====== Data extract ======
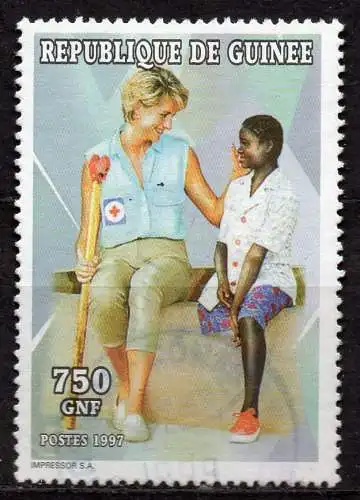 Guinea, Mi-Nr. 1702 gest., Prinzessin Diana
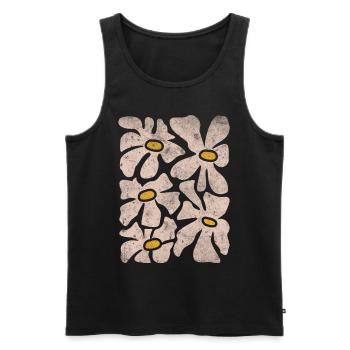 Boho Wildflowers - Men's Premium Organic Tank Top - black - Front - AI Model Male 178 light (178cm)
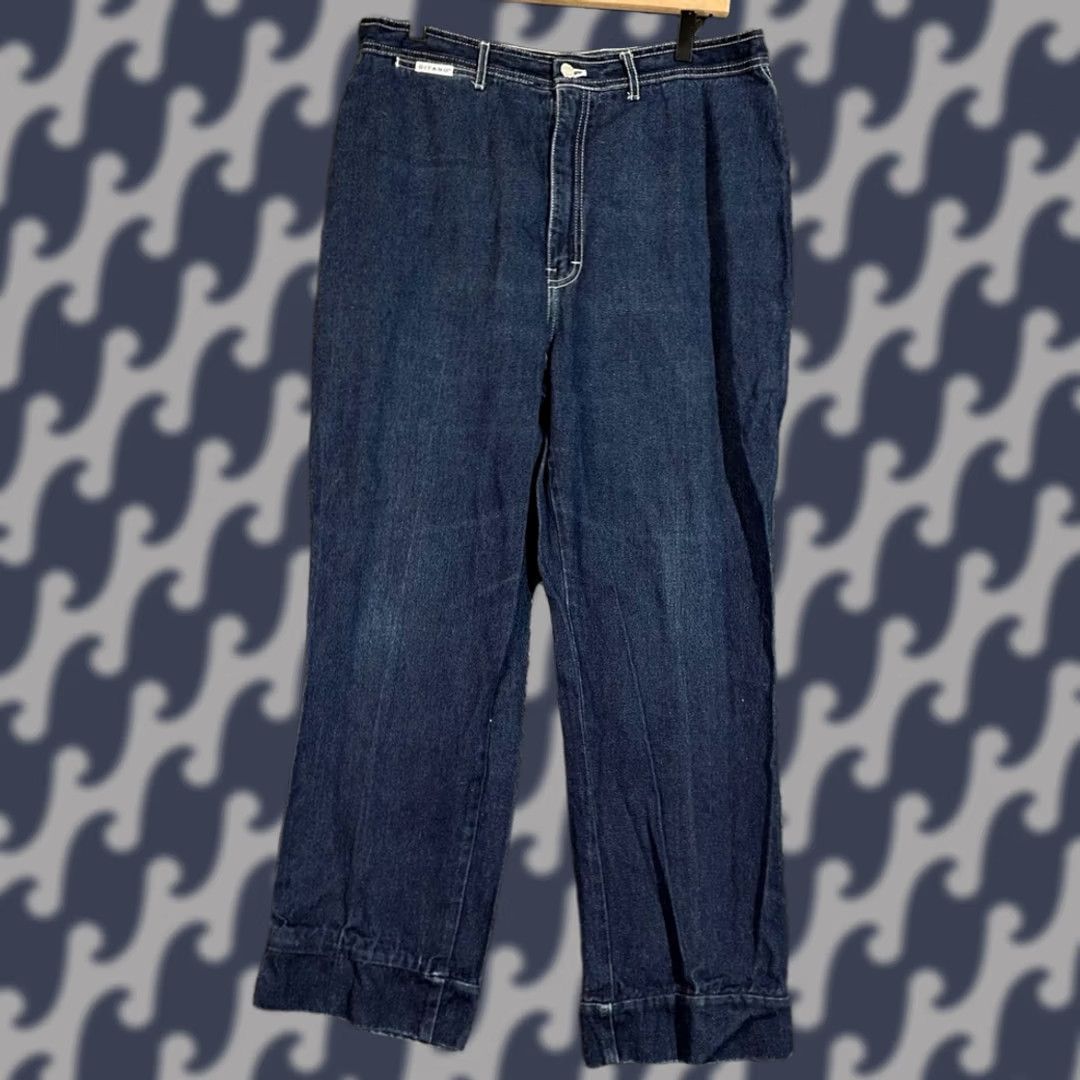 Vintage VTG Gitano Blue Straight Leg Denim Jeans Men 34 Blue Pocket Design Straight Jeans 27in Inseam Mens Regular Size 34 Size US 34 / EU 50 - 1 Thumbnail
======
■ Work to be completed:
Repeat the material above exactly. Leave every picture out of it.

■ Output of the task:
 Guinea, Mi-Nr. 1702 gest., Prinzessin Diana
 Boho Wildflowers - Men's Premium Organic Tank Top - black - Front - AI Model Male 178 light (178cm)
 Vintage VTG Gitano Blue Straight Leg Denim Jeans Men 34 Blue Pocket Design Straight Jeans 27in Inseam Mens Regular Size 34 Size US 34 / EU 50 - 1 Thumbnail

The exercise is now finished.